Por exemplo, não consegues levantar-te de manhã cedo e, em posição fetal, completamente embrulhado nas mantas, deitas-te para sempre entre a escuridão. Ou então sais da cama e dás por ti a chorar incontrolavelmente num supermercado, sem motivo aparente.

Durante anos, chorava sempre que ia com a minha companheira ao mercado, ao sábado de manhã. Não sei porquê. Na verdade, até gostava do lugar mas, eventualmente, ela acabou por decidir que era mais fácil ir às compras sozinha. Ou encontras-te no meio da rua a ziguezaguear pelo meio dos carros, esperando o pior. Ou nem arriscas apanhar o metro, com medo de te atirares para debaixo de um deles - e sim, eu sei o terrível impacto que isso causaria sobre todos os que teriam que testemunhá-lo.
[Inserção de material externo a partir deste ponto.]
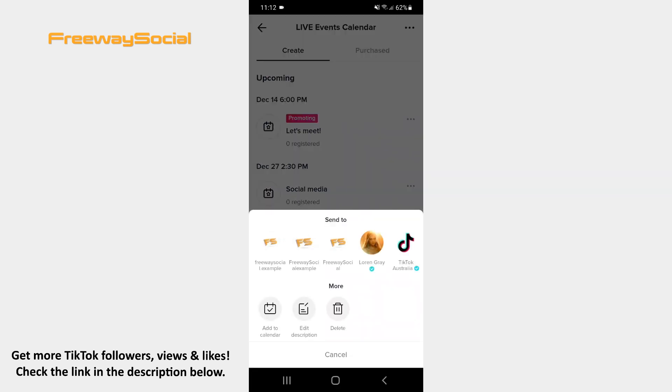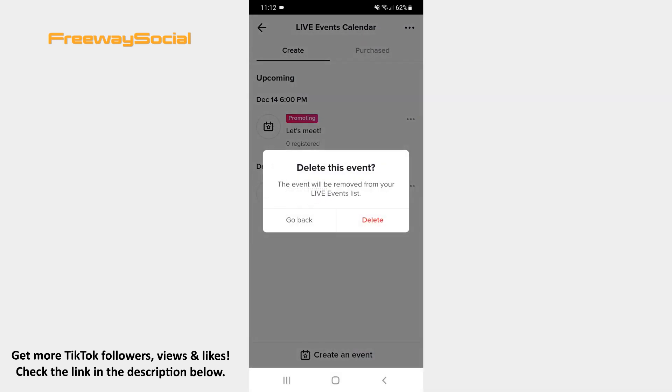Select the Delete option from the pop-up menu. Confirm by tapping Delete.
Ou tens medo de olhar as pessoas nos olhos, porque achas que vão descobrir-te, mesmo que nem saibas o porquê - por seres lento, um chico-esperto, um insensível, demasiado sensível, porque gostas de alguém, porque não gostas de alguém, porque não tens nada para dizer, o que seja. Ou estás tão paralisado pelo medo, ou fechado no teu próprio Mundo, que não és capaz de compreender os conceitos mais básicos - alguém te pergunta as horas e tu és incapaz de responder, porque a única coisa que tens na cabeça é o clicar do metrónomo, a sufocar-te os outros pensamentos.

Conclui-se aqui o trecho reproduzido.